More recently they added in a spectator mode to the tournament realm where spectators could see lots of interesting stats as the game progressed. The spectators were delayed by 3 minutes (to prevent players from watching the stream in another window I guess) and could see cool information like the exact amount of gold each champion had on hand, and ever earned. You could see total gold by team. An easy count of the number of turrets. Clicking on an individual champion would let you see what rank they had in each of their skills and you could even look at their detailed stats page to get some insight into what runes/masteries they may have taken. Pretty cool stuff. This spectator mode was added to the live client for custom games as well.

The spectator mode added yesterday has all that stuff included in it but also comes with two new and super cool features. In other games (like, say, Starcraft 2) you have to be added to the game when it was created to observe the game and you're stuck watching it as the game progresses. The new League of Legends mode allows you to rewind as you're watching! Get a notification that someone died while you were looking elsewhere? Rewind and change where your camera is located! You're already delayed 3 minutes from the real time of the game so it isn't really functionally different if you delay yourself an extra 30 seconds from real time, is it? Need to go to the bathroom? Pause the game! Want to fast forward? You can do that too!

They added in AI for the camera as well which tries to center on the action. I found it jumped around a little too much and went to manually controlling the camera but I could see it being really useful for someone who didn't know what specifically they were looking for. I can only imagine that AI getting better as time goes on as well.
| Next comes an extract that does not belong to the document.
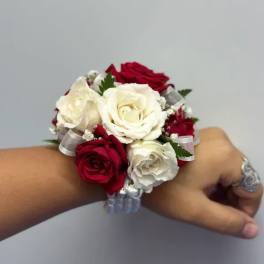 Mia Corsage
Perhaps most importantly they also set it up so you can drop in on a running game and start spectating in the middle. If a caster got disconnected right at the start of the game they can jump back in without worry. The really cool part of this feature is you don't have to be invited to spectate a game. If one of your friends is playing a game you can hop in and watch them play! (3 minutes delayed, of course.) It doesn't even have to be one of your friends playing... They set up a system where high ranked games just show up in a window of the client. Want to jump in and watch some pros play? You can do it! They don't get notified that you're watching them and chat messages between spectators and players are blocked. As far as they're concerned you don't exist. But you still get to watch them play and check out their builds!

I particularly like how it should make getting a team together for a ranked game easier. Sometimes I'll get on and half a team is already playing a game. Should I wait for them to finish (and get bored/fall asleep/wander away) or play a game of my own? Now I can jump in and watch their game! If I can get into their Skype call I can even heckle them for mistakes made 3 minutes in the past!